Wales’ Health Secretary Vaughan Gething and Scotland’s Cabinet Secretary for Health and Sport Jeane Freeman have issued a joint letter to the UK Government Minister of State for Immigration, Caroline Nokes to raise serious concerns relating to family members of staff working in the health and social care sector are not being included in the upcoming pilot of the Home Office EU Settlement Scheme.
Both Health Secretaries believe including family members in the scheme would potentially help remove some of the uncertainty for EU staff, and encourage them to clarify their immigration status ahead of the UK leaving the EU on 29 March 2019.
They have called for the UK Government to reconsider the scheme, or the Welsh and Scottish Government will not actively promote the scheme to health and social care staff in Wales and Scotland.

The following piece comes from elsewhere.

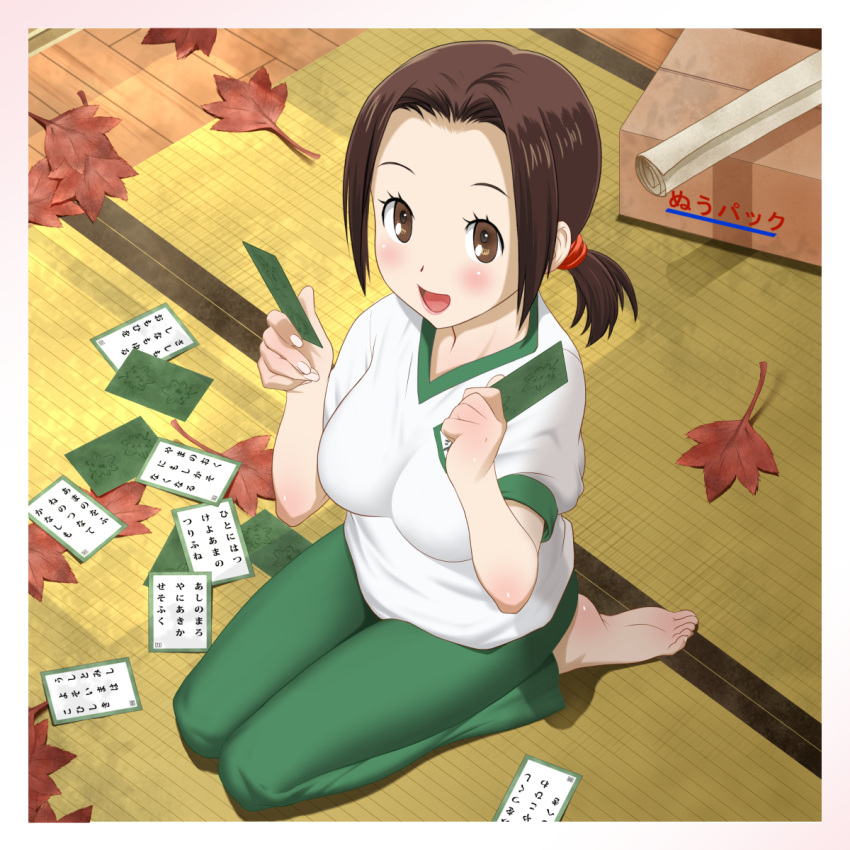 1girl, autumn_leaves, barefoot, blush, box, brown_eyes, brown_hair, card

This decision will not prevent health and social care staff from applying for settled status, the Welsh Government has said.
- UNISON EU members, and citizens’ rights groups formed a human chain from Parliament Square to Downing Street on Monday, where they presented a letter of demands to prime minister Theresa May.
Shadow Brexit minister Paul Bloomfield summarised the content of the letter, saying: “We can’t sleepwalk into another Windrush.” Although Theresa May has guaranteed EU citizens their right to remain in the UK, questions remain about the validity of that guarantee and the actual rights they will enjoy in the years to come.
As things stand, the rights at risk include:
- automatic mutual recognition of some professional qualifications
- the right to be joined by existing family members, partners and descendants of any nationality after transition
- entitlement to all social security benefits, equal to UK citizens.